Jeremy Corbyn’s victory will revolutionise British politics – with severe ramifications for Europe.

Jeremy Corbyn speaks at 70th anniversary of Hiroshima ceremony. Peter Marshall/Demotix. All rights reserved.In their opera Iolanthe, English playwrights Gilbert and Sullivan provided a tongue-in-cheek explanation of how British party politics work:

When in that House MPs divide,

If theyve got a brain and cerebellum too,

Theyve got to leave that brain outside,

And vote just as their leaders tell 'em to

Those lines may be more than 130 years old but they ring truer than ever. For British politics, just like all other politics, is made by the party leaders and their whips. In the Houses of Parliament, defiance is not a virtue but usually the quickest way to the backbenches.

Jeremy Corbyn spent many years among Labour’s “rank and file”; now he leads the party. How could Labour’s most notorious rebel become the party’s weapon of choice against David Cameron? How did he gather almost 60% of the votes, dwarfing even the mandate for Tony Blair in 1994, despite defying his party’s line on roughly 25% of all votes over the last 10 years?

The answer is simple: he is Labour’s last resort. If the general election proved anything, it is that even an unpopular Conservative Party, led by a highly disputed Prime Minister, can rack up a landslide victory against a Socialist Party that has long forgotten what its core values and priorities ought to be.

Margaret Thatcher famously called Tony Blair and New Labour her greatest achievement, implying that the party was emulating the Tories and neglecting its principal electorate: working-class Britain. The policies of the Blair governments were no break from Thatcher and Major but a mere extension of their policies by other means.

Corbyn doesn’t plan on rectifying this with some fine-tuning, he will rectify it with the sledgehammer: renationalising the national railways and energy sector, abolishing tuition fees that have skyrocketed over the years and fighting tax evasion at home and abroad are only a few of the actions that Labour’s new leader has proposed.

Although these measures are a very long way from implementation (if they ever will be), they are already symbolic of a far greater project Corbyn envisages: the return of class politics.

Corbyn is the anti-politician.
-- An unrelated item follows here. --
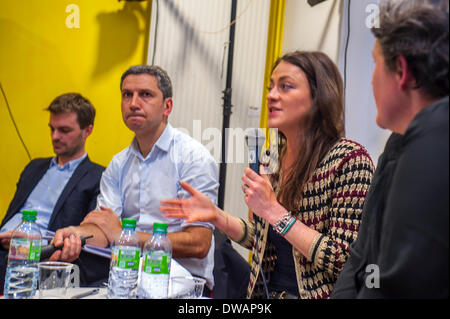 Paris, France. Politique Centre français LGBT a invité des candidats politiques locaux pour le Maire de Paris à un débat public avec des représentants et des membres de ses associations membres, sur deux questions principales: Quels sont leurs engagements pour les droits des LGBT et leurs allié.es? Panel d'orateurs, informations sur les réunions communautaires, photo du Groupe politique Banque D'Images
He is neither slick, nor charismatic. He is authentic. All that makes him the complete opposite of David Cameron and that could be his greatest asset. By putting together a Shadow Cabinet that – for the first time in history! – includes more women than men, Corbyn is likely to do well with the female electorate (not exactly Cameron’s strong point) and to prove that his promises of equality are more than just lip service.

The real touchstone of his leadership, however, will not be a domestic issue but the future of UK-EU relations. With the referendum approaching, Corbyn will find himself in a difficult position and will have to prove Britain that he is fit to lead.

The relationship between the UK and Europe is a messy one; it always has been. No party leader has yet found a way to successfully mediate between a largely eurosceptical British electorate and a European Union that grows increasingly disenchanted with the United Kingdom.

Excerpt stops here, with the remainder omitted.